__SOURCE MATERIAL__:
○ ○ ○ ○ ○

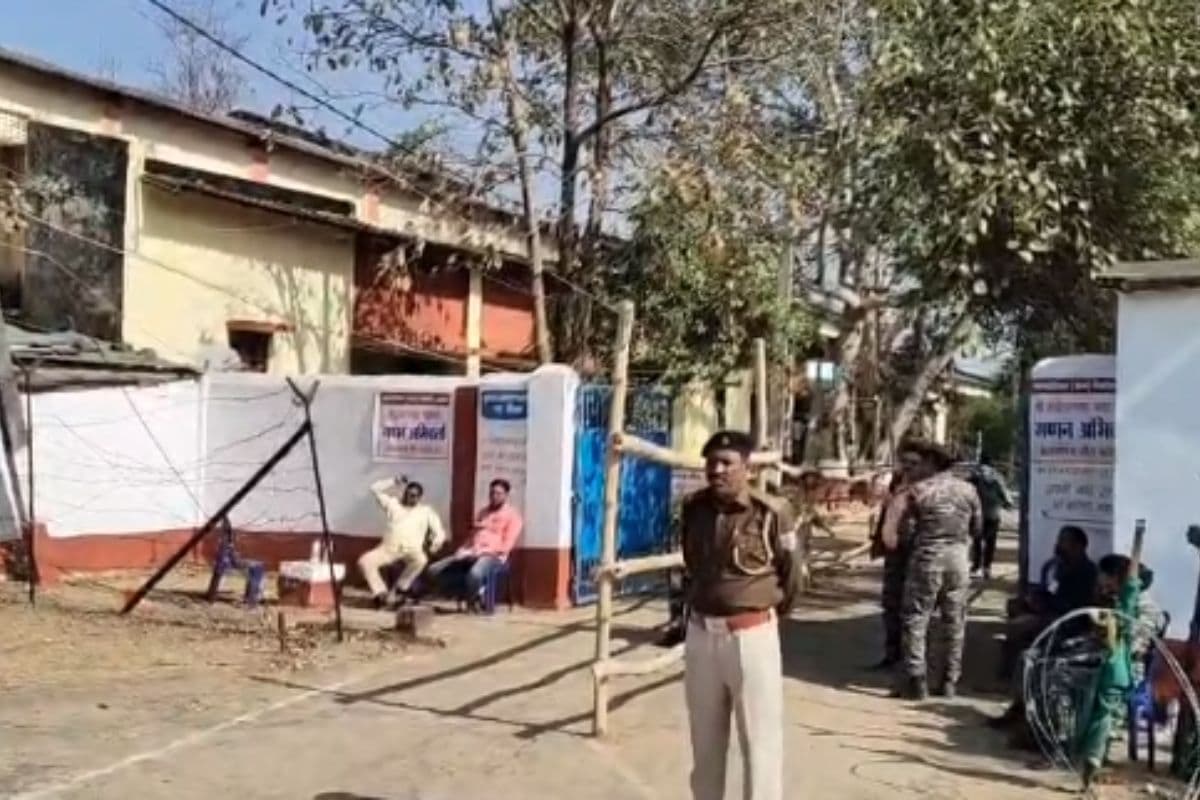 गढ़वा का 'रण': कई वार्डों के चुनाव परिणाम जारी, जानें कहां से किसने मारी बाजी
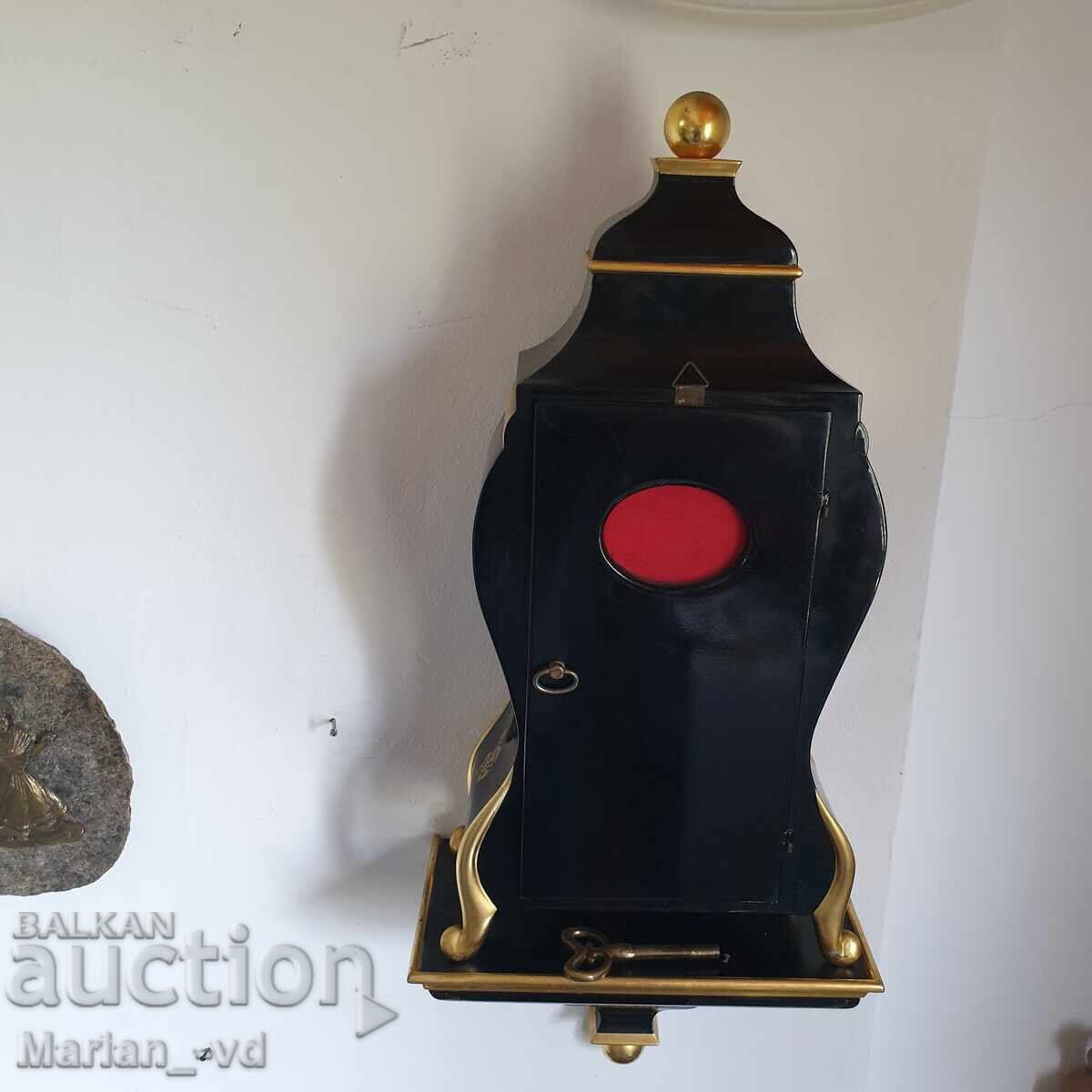 DuChâteau Watch. Louis XV - 6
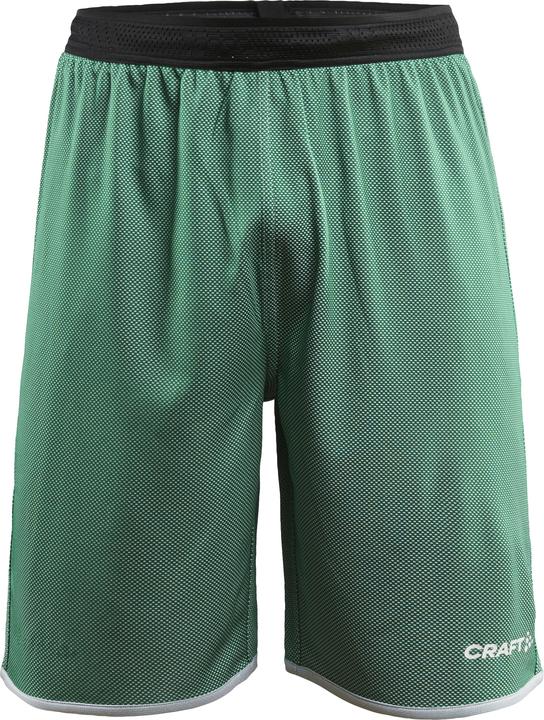 Craft Progress Reversible Basket Shorts M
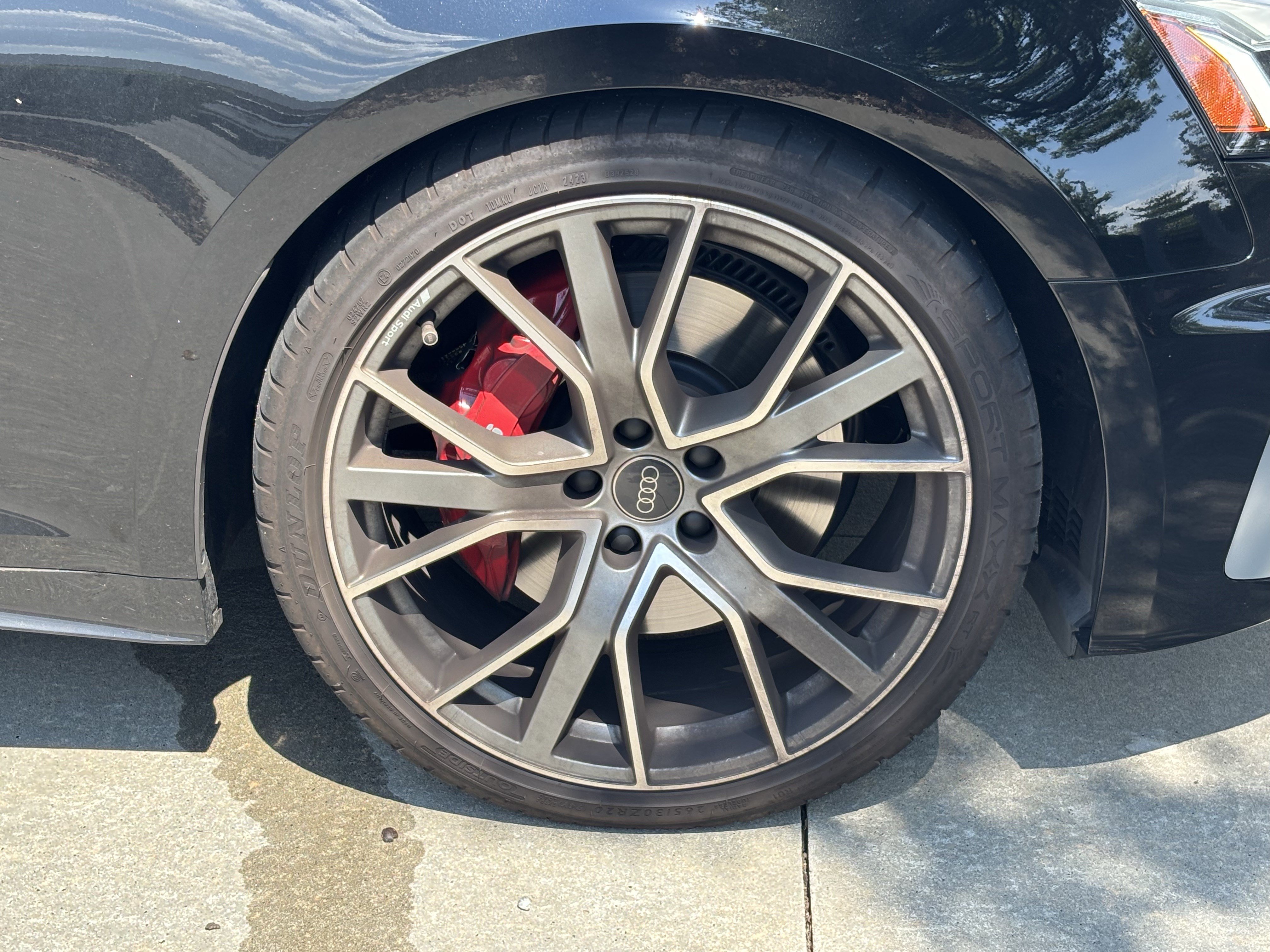 Used 2023 Audi S5 Premium Plus w/ Premium Plus Package AWD/4WD image 13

○ ○ ○ ○ ○

__AIM OF THE EXERCISE__:
Every line of the data above is to be set down word for word, with the pictures left out.

__RESULT__:
 गढ़वा का 'रण': कई वार्डों के चुनाव परिणाम जारी, जानें कहां से किसने मारी बाजी
 DuChâteau Watch. Louis XV - 6
 Craft Progress Reversible Basket Shorts M
 Used 2023 Audi S5 Premium Plus w/ Premium Plus Package AWD/4WD image 13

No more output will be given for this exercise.